Comment by jasonthorsness 5 days ago

9 replies

The food scans demo ("Interactivity" examples section) is incredible. Especially Mel's Steak Sandwich looking into the holes in the bread.

The performance seems amazingly good for the apparent level of detail, even on my integrated graphics laptop. Where is this technique most commonly used today?

dmarcos 5 days ago

There's a community of people passionate about scanning all short stuff with handheld devices, drones... Tipatat let us generously use his food scans for the demo.
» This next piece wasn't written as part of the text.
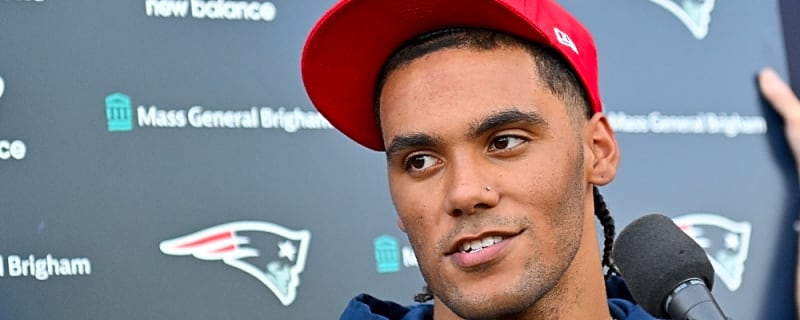 Does Christian Gonzalez want to remain with the Patriots?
I also enjoy kotohibi flower scans: https://superspl.at/user?id=kotohibi

Edit: typos

  • jasonthorsness 5 days ago

    Wow what kind of device do I need to make my own?

    • dmarcos 5 days ago

      The food scans are just photos from a Pixel phone processed with postshot (https://www.jawset.com/) to generate the splats

      • mft_ 5 days ago

        Out of interest, to what extent do splats recorded in this manner have reliable/measurable dimensions?

        • jaccola 4 days ago

          They are not reliable at all unless paired with some physical measurements (Lidar, or a known size object in the scene).

          Probably an interesting use for a pretrained model to estimate scale based on common items seen in scenes (cars, doorframes, trees, etc…)

    • ChadNauseam 5 days ago

      I'm sure it's not cutting edge, but the app "scaniverse" generates some very nice splats just by you waving your phone around an object for a minute or so.

      • dmarcos 5 days ago

        Yes there are several phone apps to generate splats. Also Luma 3D capture.

creata 5 days ago

And the transfer size for that level of detail isn't that bad, either - only around 80MB. (Not being sarcastic, it's really neat.)

  • dmarcos 5 days ago

    Yeah. And some of the individual scans like Clams and Caviar or Pad Thai are < 2MB.